Issu d'une famille de musiciens, il fit ses études musicales auprès de Sweelinck, « le faiseur d'organistes », de 1605 à 1608 ou 1609. Sweelinck lui transmit son art de l'orgue, du contrepoint et l'héritage musical anglo-néerlandais. De retour à Halle en 1609, Scheidt y est organiste à l'église Saint-Maurice et à la cour de Brandebourg. Vers 1619, il devient maître de chapelle de Christian Wilhelm de Brandebourg et administrateur de l'archevêché de Magdebourg, mais continue à assurer ses fonctions à l'église de la cour à Halle.

   Sa renommée va croissant, grâce à la publication de ses premières œuvres, mais les malheurs de la guerre de Trente Ans entraînent en 1625 la dissolution de la cour. En 1628, il est nommé director musices de la Marienkirche, toujours à Halle dont c'est la principale église. Mais en 1630, à la suite de différends, il perd ce poste qui avait été créé spécialement pour lui et vit alors des revenus que lui rapportent ses œuvres publiées, et cela jusqu'au rétablissement de la cour, en 1642, et des protections princières dont il jouira jusqu'à sa mort.

   Son premier recueil d'œuvres, les 39 Cantiones Sacrae a 8 vocum, paraît en 1620, suivi en 1621 et 1622 par les deux recueils de pièces diverses pour plusieurs voix avec accompagnement d'instruments publiées sous le titre de Concertus sacri. Il édite ensuite quatre volumes de Ludi musici (ou Ludorum musical), dont seul le deuxième nous est parvenu, puis les trois volumes de sa Tabulatura Nova (1624), recueils de pièces d'orgue contenant des variations, fantaisies, cantilènes, passamezzos, canons, toccatas, échos, psaumes, hymnes, un Magnificat et des paraphrases du Kyrie et du Credo. Viennent ensuite les quatre volumes des Geistliche Konzerte (« Concerts spirituels », 105 œuvres vocales de deux à six voix avec basse continue et soutien facultatif d'instruments), respectivement en 1631, 1634, 1635 et 1640. En 1644, ce sont les LXX Symphonien auff Concerten manir (« 70 Préludes dans le mode concertant », dix pour chacune des sept tonalités), et enfin le Görlitzer Tabulaturbuch (« Livre de tablature de Görlitz », 100 harmonisations de chorals pour orgue ou instruments).
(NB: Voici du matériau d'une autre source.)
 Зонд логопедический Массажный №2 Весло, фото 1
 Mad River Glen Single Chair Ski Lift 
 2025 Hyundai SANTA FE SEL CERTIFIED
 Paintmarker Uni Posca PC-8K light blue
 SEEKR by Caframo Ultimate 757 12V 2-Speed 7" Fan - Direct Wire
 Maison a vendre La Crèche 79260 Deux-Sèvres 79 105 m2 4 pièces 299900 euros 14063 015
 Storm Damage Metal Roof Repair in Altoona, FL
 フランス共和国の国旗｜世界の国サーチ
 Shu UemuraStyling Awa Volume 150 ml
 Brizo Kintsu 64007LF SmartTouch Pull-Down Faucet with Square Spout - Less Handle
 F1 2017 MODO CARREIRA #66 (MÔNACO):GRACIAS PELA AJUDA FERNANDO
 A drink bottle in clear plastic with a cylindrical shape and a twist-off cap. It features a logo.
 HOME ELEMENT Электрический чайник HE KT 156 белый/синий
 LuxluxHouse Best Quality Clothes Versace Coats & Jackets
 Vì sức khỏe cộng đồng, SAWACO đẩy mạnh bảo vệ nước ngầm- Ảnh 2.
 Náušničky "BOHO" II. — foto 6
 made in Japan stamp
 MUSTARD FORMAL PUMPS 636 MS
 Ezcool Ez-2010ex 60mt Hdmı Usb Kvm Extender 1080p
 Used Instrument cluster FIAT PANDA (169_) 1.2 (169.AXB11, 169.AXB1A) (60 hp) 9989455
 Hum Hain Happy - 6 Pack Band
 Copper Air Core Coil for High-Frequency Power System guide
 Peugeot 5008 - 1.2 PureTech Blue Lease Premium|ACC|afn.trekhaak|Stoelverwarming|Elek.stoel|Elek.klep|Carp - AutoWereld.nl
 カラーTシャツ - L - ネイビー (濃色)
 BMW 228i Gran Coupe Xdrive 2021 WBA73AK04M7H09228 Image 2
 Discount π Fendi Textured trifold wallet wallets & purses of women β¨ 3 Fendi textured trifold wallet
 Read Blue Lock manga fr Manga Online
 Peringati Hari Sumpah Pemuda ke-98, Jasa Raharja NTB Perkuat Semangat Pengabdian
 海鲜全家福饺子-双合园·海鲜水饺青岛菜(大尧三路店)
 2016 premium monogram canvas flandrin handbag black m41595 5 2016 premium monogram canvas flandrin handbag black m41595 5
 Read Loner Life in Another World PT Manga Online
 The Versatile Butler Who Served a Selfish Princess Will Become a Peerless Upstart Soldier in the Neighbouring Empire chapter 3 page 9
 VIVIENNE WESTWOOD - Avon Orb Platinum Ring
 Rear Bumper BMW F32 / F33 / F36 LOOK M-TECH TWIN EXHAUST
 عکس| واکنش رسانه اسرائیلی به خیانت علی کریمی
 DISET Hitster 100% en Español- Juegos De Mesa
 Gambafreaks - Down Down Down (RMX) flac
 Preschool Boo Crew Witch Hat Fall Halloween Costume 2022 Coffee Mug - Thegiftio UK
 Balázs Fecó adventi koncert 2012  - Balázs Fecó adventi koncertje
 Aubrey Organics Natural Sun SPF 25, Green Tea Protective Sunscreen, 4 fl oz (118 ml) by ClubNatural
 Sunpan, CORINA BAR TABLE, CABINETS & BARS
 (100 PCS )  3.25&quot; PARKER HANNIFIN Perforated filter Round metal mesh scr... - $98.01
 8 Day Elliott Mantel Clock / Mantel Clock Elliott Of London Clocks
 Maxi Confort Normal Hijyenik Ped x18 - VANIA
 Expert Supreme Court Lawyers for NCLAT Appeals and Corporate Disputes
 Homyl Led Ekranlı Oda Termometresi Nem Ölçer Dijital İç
   Sous le titre des « 3 S », on a rangé Scheidt auprès de ses contemporains, nés à une année d'intervalle, Schütz et Schein. Mais son originalité tient au fait qu'il a su, tout en restant fidèle au choral ou à la mélodie qui servent de base à ses commentaires ou à ses variations, opérer une synthèse entre l'art des musiciens d'Allemagne du Nord, la technique du contrepoint et de la variation des Néerlandais et des Anglais, que lui avait enseignée Sweelinck, et le jeu concertant, comme la recherche de l'expressivité musicale des mots, propres à l'Italie et qu'avait pu lui transmettre l'encyclopédique Michael Praetorius. Lié d'amitié avec Praetorius, lui-même maître de chapelle à Halle, il avait d'ailleurs fondé avec lui et avec Schütz la Concert Music de la cathédrale de Magdebourg, en 1618.

   Grand fournisseur de musique spirituelle au moment où son pays, ravagé par la guerre de Trente Ans (1618-1648), connaît une exacerbation de sa pratique religieuse, il en fit évoluer le style depuis ses premières œuvres à plusieurs chœurs jusqu'à ses Concerts spirituels. Là, un style contrapuntique rigoureux et fidèle à la tradition s'enrichit de l'apport expressif du madrigal et des instruments concertants, mais toujours dans le but très précis de servir les textes spirituels ­ attitude qui rapproche davantage Scheidt de Schütz que de Schein et en fait l'un des précurseurs de la cantate de choral.

   On retrouve ce même amour pour les anciennes règles léguées par la tradition dans son œuvre instrumentale. Il est un héritier direct de Sweelinck pour la manière de varier un thème en l'enrichissant progressivement et pour la rigueur de sa polyphonie instrumentale. Mais il innove en empruntant au ricercar italien la construction contrapuntique sur plusieurs thèmes, ou en phrasant de façon plus variée, à l'imitation de la technique expressive du violon. De la sorte, il contribue à créer un style d'écriture spécifiquement instrumentale, bien différenciée de la technique vocale, et un art de synthèse qui va profondément influencer ses successeurs jusqu'à Jean Sébastien Bach. Mais à la différence de ce que fera ­ génialement ­ ce dernier, Scheidt ne modifie jamais la ligne mélodique d'un choral, qui reste toujours lisible sous sa forme primitive dans les lignes de la polyphonie.